Overall, the findings show that LR and CS are reliable baselines for grade-level classification of Uzbek educational texts, while k-NN fails to handle the lexical distribution effectively. This study establishes baseline results for Uzbek educational corpora and provides a methodological foundation for future extensions toward semantically richer models for low-resource language applications.
5. Conclusions
This study established TF–IDF-based classification as a first baseline for Uzbek educational texts across grades 5–11. Among the evaluated methods, linear regression and cosine similarity consistently achieved reliable results, both exceeding 90% accuracy on the balanced internal dataset. In contrast, k-NN showed very weak performance due to the curse of dimensionality in sparse TF–IDF space, confirming its limited applicability.

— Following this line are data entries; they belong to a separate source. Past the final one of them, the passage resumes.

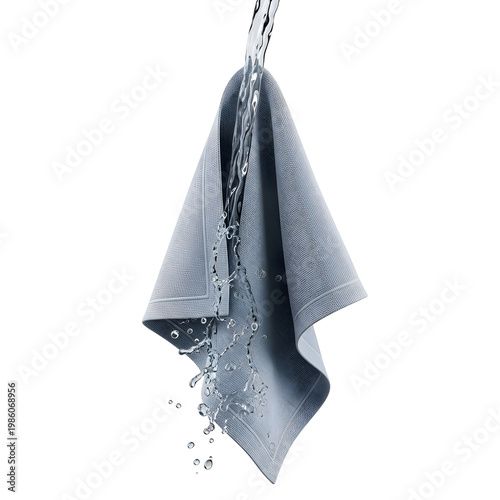 Water flowing on gray towel.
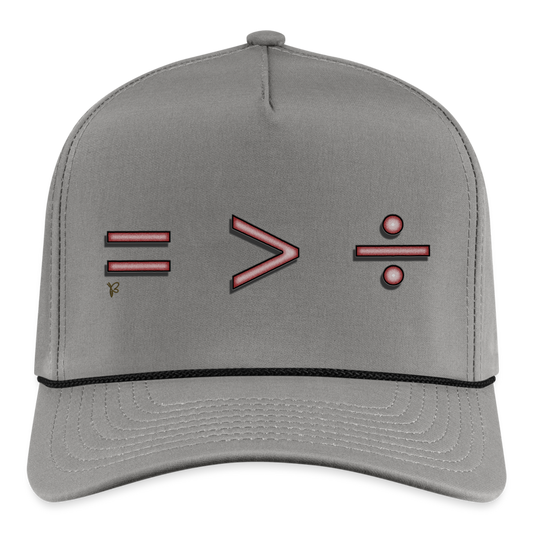 "Equal Greater Than Division" Rope Cap - gray/black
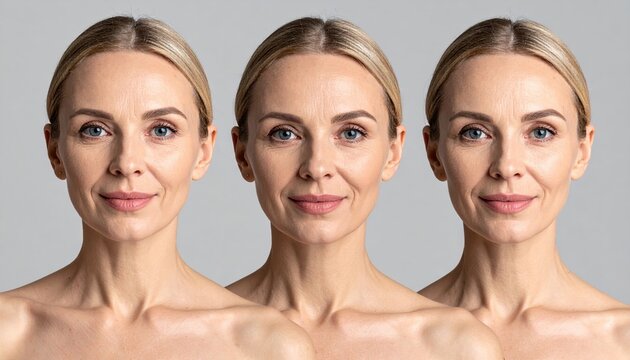 Triptych portrait of one woman at ages 20, 40 and 60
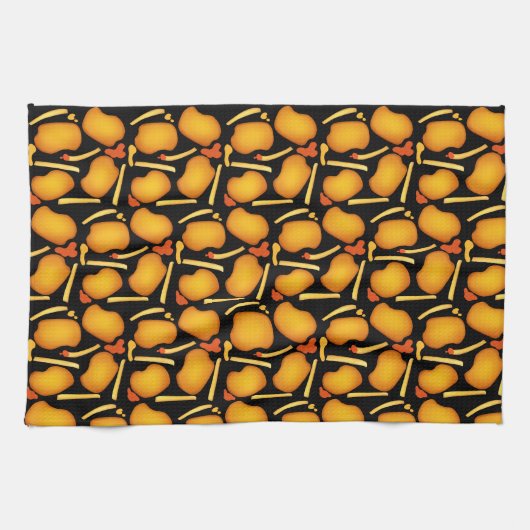 Gebakken kippenbeten en aardappelfriet theedoek (Horizontaal)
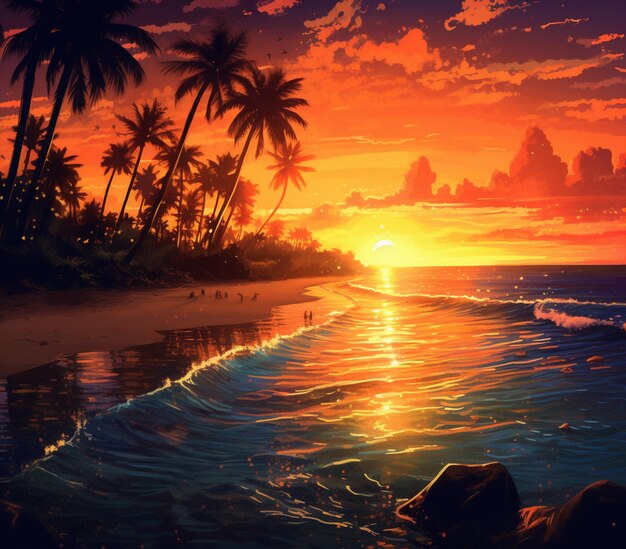 pintura de una puesta de sol en una playa tropical con palmeras generativa ai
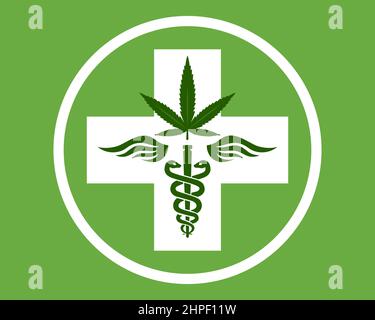 symbole de marijuana médicale. tige avec serpents et ailes. agent thérapeutique. Kanabis pharmacie. illustration à vecteur plat. Illustration de Vecteur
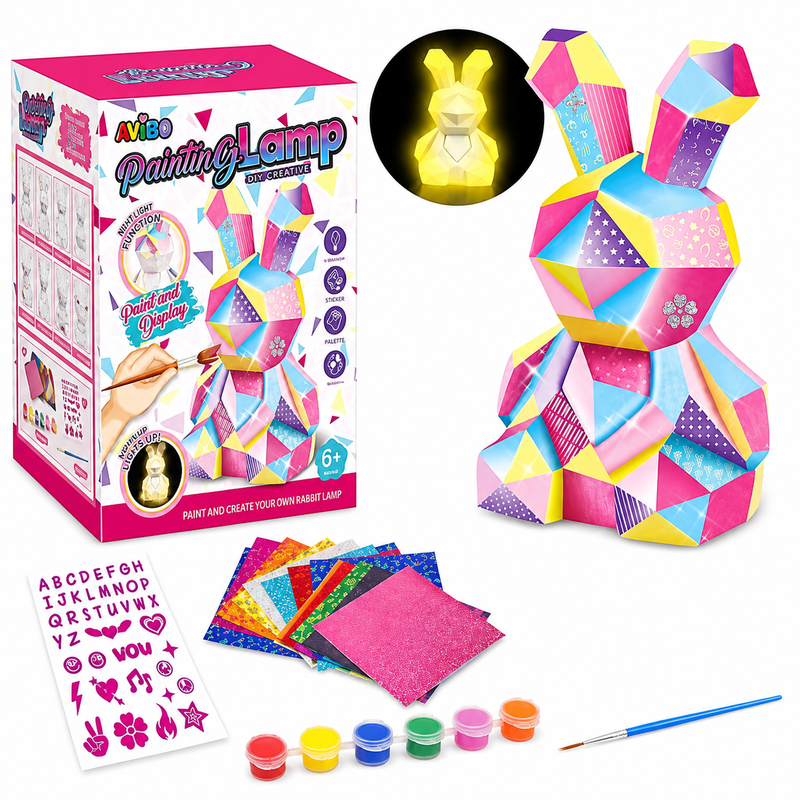 LAMPKA DO MALOWANIA KRÓLICZEK DIY ZESTAW KREATYWNY FARBY BROKAT NAKLEJKI XL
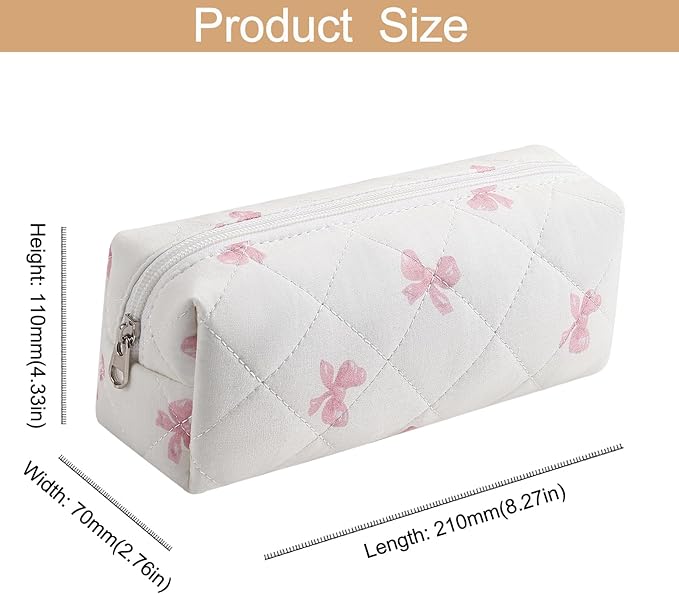 HHQQWZ Cute Floral Cotton Makeup Brush Cosmetic Bag for Women, Travel Quilted Zipper Make Up Bag, Flowers Toiletry Organizer Case Kawaii Makeup Cosmetic Travel Cloth Pouch (Pink Bow Tie)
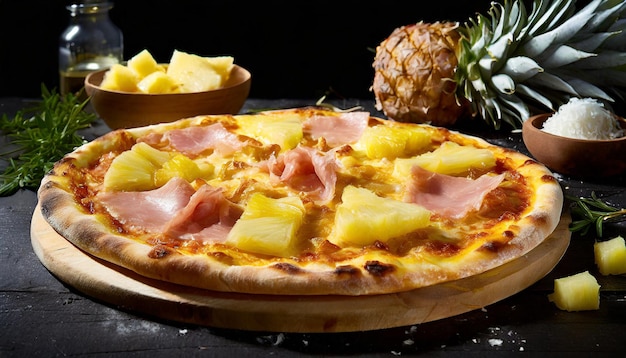 Pizza with pineapple ham and cheese on a black background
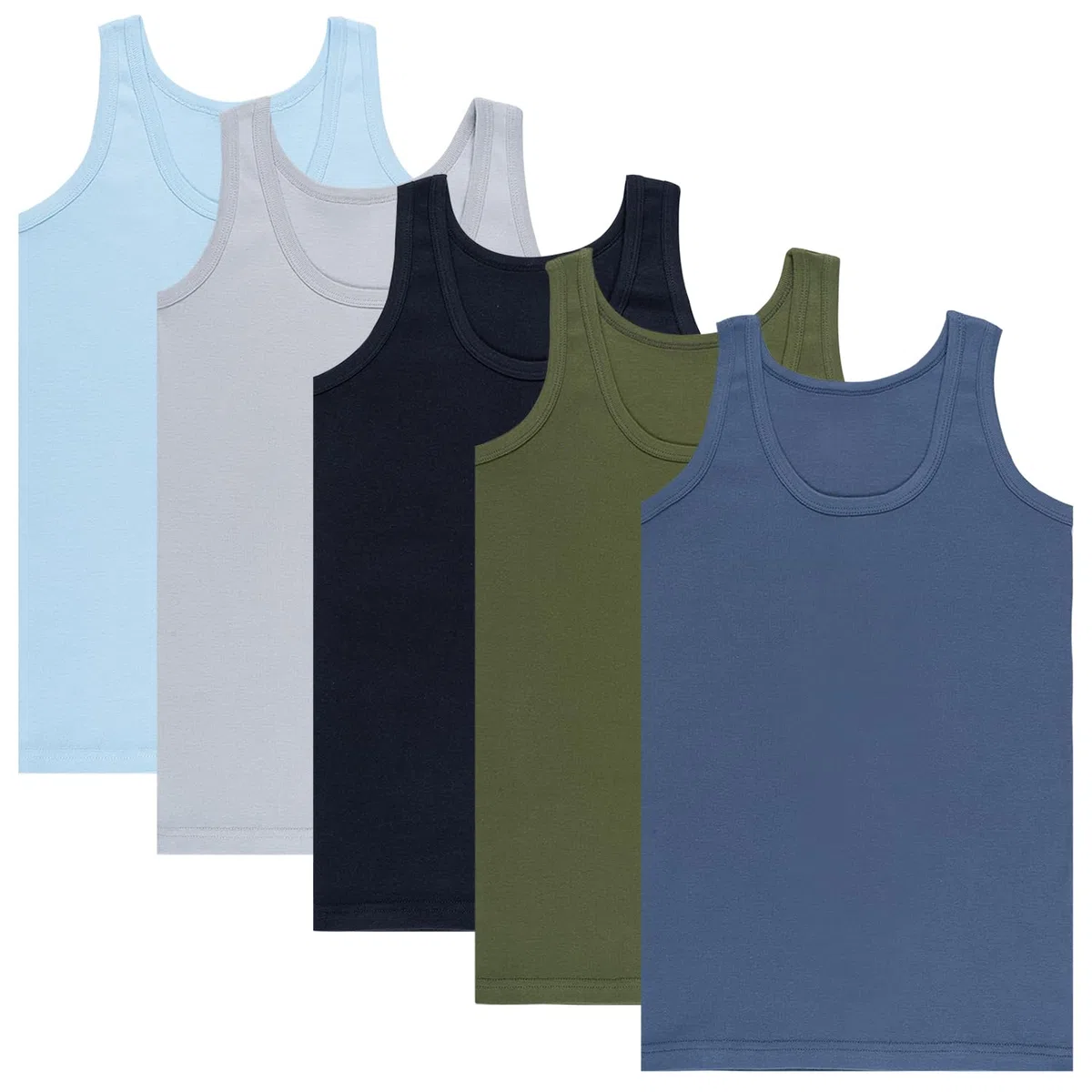 LOREZA ® 5 Ragazzi Biancheria Canottiere Intima 100% Cotone Senza Cuciture Laterali Canotta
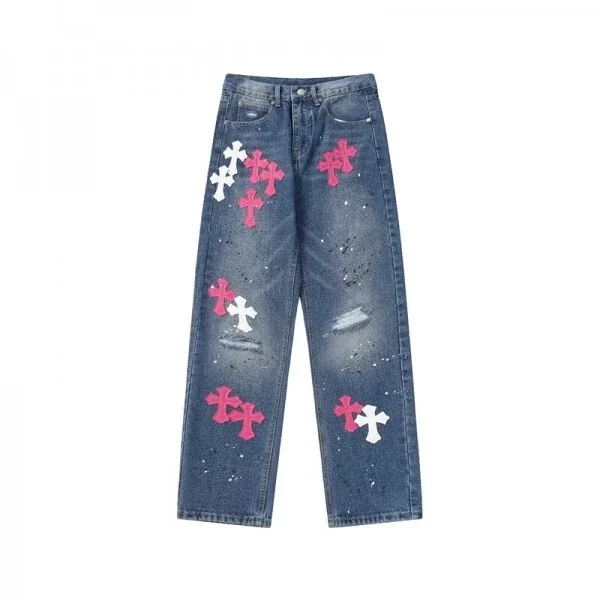 Chrome Hearts Rough Cross Patch Jeans Chrome Hearts Rough Cross Patch Jeans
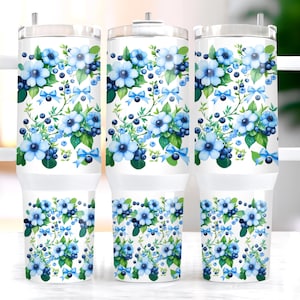 Blue Floral Tumbler Wrap: Watercolor Flower 40oz Tumbler PNG (Digital Download)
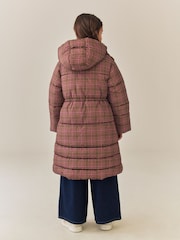 Pink Check Shower Resistant Padded Coat (3-16yrs) - Image 3 of 11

The findings also demonstrate that simple lexical overlap is sufficient to approximate grade-level differences in Uzbek curricula, although minor confusions appear between adjacent grades. Nevertheless, the approach remains limited by the absence of linguistic preprocessing such as lemmatization and stemming, which are particularly important for an agglutinative, low-resource language like Uzbek.
Future work will expand beyond TF–IDF baselines toward semantically richer representations, including word embeddings, transformer-based architectures, and cross-lingual transfer learning. These methods will not only address current limitations but also enable more robust and interpretable models for educational applications in Uzbek and other low-resource languages.